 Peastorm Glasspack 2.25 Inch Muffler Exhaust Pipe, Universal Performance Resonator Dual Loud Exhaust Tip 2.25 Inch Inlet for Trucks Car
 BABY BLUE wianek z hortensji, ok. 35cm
########
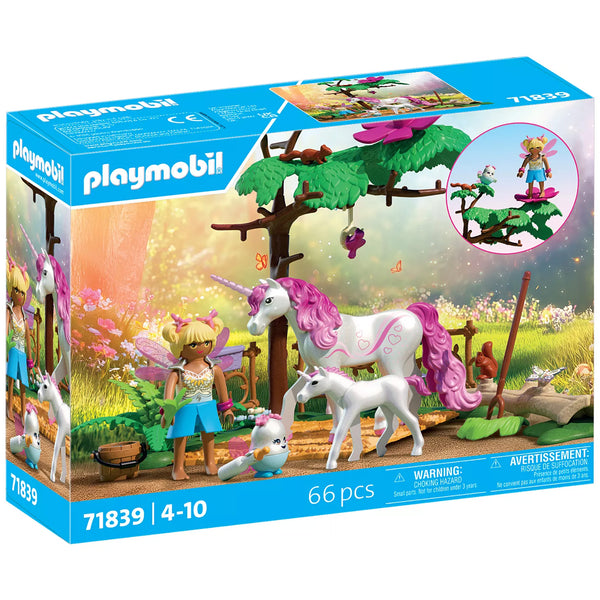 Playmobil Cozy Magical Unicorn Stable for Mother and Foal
########
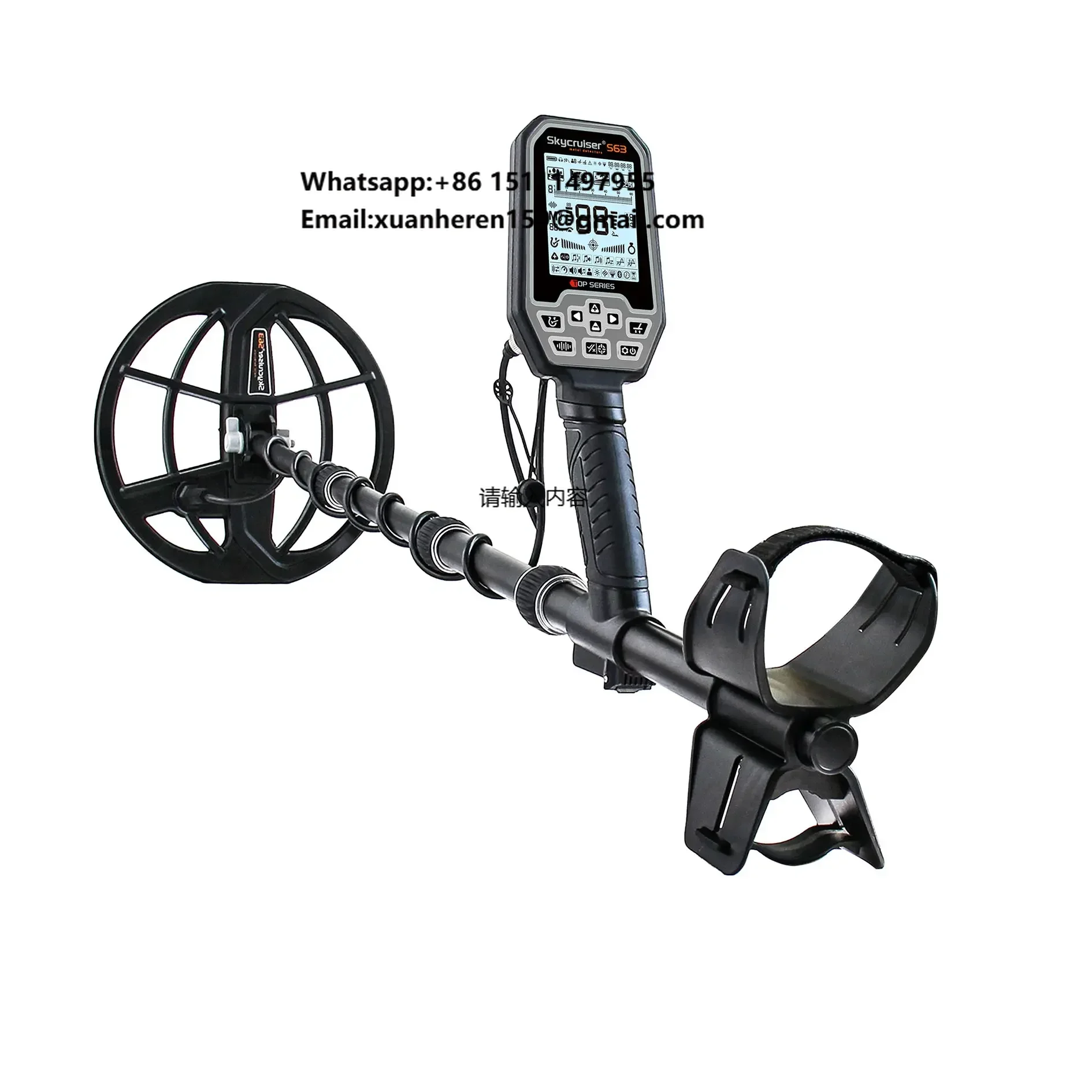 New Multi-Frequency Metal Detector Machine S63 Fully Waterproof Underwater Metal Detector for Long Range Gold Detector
########
• [Assigned task]:
For this exercise, repeat exactly the lines of the data above from the one with "Peastorm Glasspack 2.25" down to the one with "BABY BLUE wianek z hortensji, ok. 35cm", both end lines included.

• [Response]:
 Peastorm Glasspack 2.25 Inch Muffler Exhaust Pipe, Universal Performance Resonator Dual Loud Exhaust Tip 2.25 Inch Inlet for Trucks Car
 BABY BLUE wianek z hortensji, ok. 35cm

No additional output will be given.